All three men were initially charged with first-degree murder; they later reached plea deals with prosecutors.
Brown, the son of the late pro football star Jerome Brown, pleaded guilty to second-degree murder. In June, Merritt sentenced him to 25 years in prison, five years shy of the maximum. Bottom, 33, pleaded guilty to manslaughter and received a 12-year sentence during that same hearing.
Carlene Frazer lives in Brooklyn, N.Y., and works as a nurse, with a part-time job as a caregiver for autistic children. She flew to Florida for Holder's hearing.
The murder left the couple's 6-year-old daughter without a dad, she told Merritt. Her 16-year-old son from a previous relationship also considered Frazer a father. "I'm not here for revenge," Frazer said. "I'm just here to see justice done."
She burst into tears a few minutes later when Holder apologized and asked for the Frazer family's "mercy and grace." He said he knows that will be difficult. "I feel sorry for what I did," he said. "It hurts."
A staffer from the State Attorney's Office read a statement from other members of Frazer's family who flew down for the sentencing hearing in June but couldn't make it this time.

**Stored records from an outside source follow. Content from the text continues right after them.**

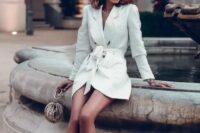a little white tux dress with contrasting buttons, white strappy heels and statement earrings for a trendy look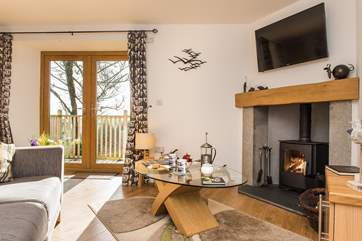 The patio doors lead out to the deck-area.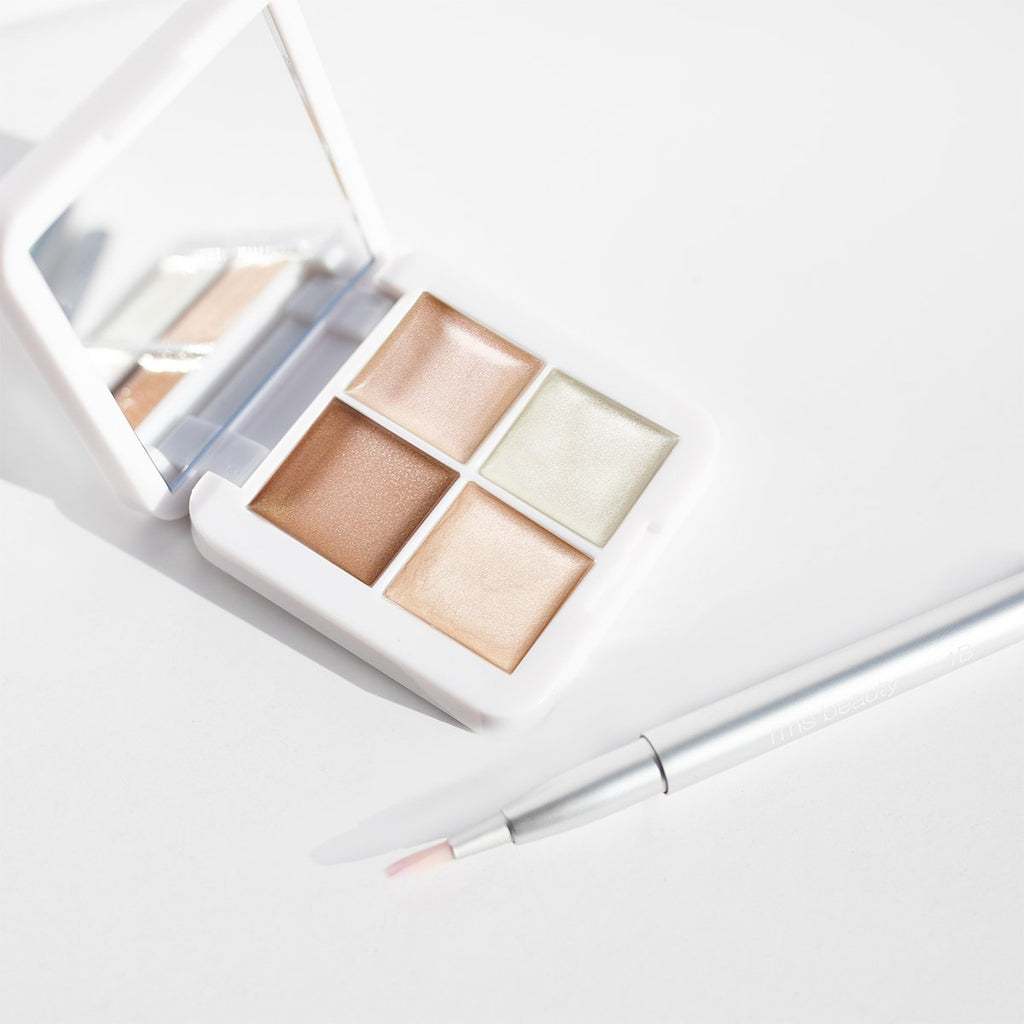 Living Luminizer Glow Quad Mini - Polished Daily Care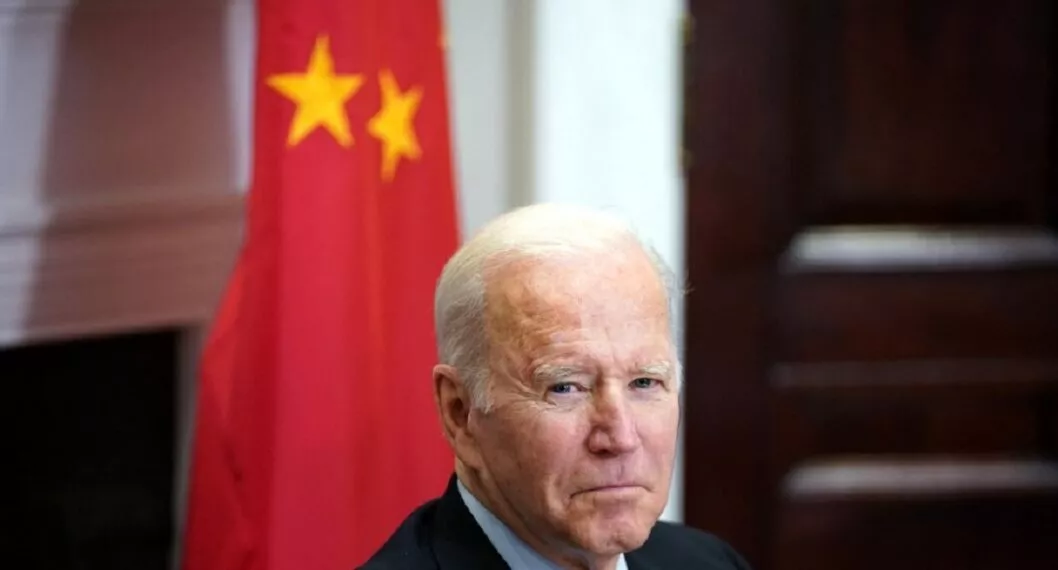Presidente Joe Biden con una bandera de China al fondo. 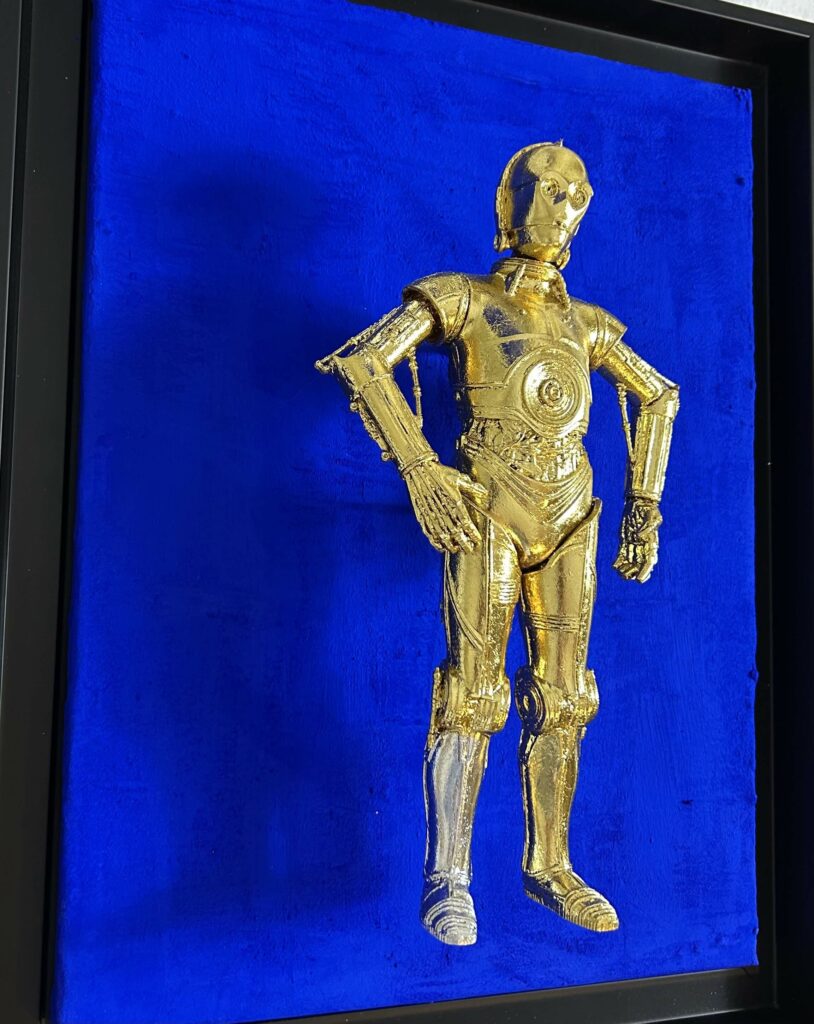 Seb Machten contemporary artwork with gold humanoid robot inspired by C-3PO on deep ultramarine background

Holder has a previous conviction for selling cocaine. His attorney, Charles Greene, said Holder's urge to protect his family clouded his judgment that night. This was not his battle," Greene said. "He just got pulled into it."
The crime wasn't committed in a moment of passion, prosecutor Pete Magrino countered. Holder had time to consider his actions as he looked for Frazer, then chased him.
Merritt acknowledged that Holder has young children and a family that cares about him. "You took a human life, and human life is sacred," Merritt said. "Once you take it, you can't give it back. Life is as precious to this man you shot as it is to you, and you're accountable for your actions that night."
After the hearing, Carlene Frazer said Holder, despite his words, looked bored. She wanted Merritt to levy the maximum penalty. Ideally, she said, Holder would have received the death penalty.
"I don't see no remorse in him," she said. "I hope one day I will find it in myself to forgive him and move on."
She said her daughter wakes up and talks about meeting her father in her dreams. "I saw Dad," the girl said one day, "and he told me he was in heaven."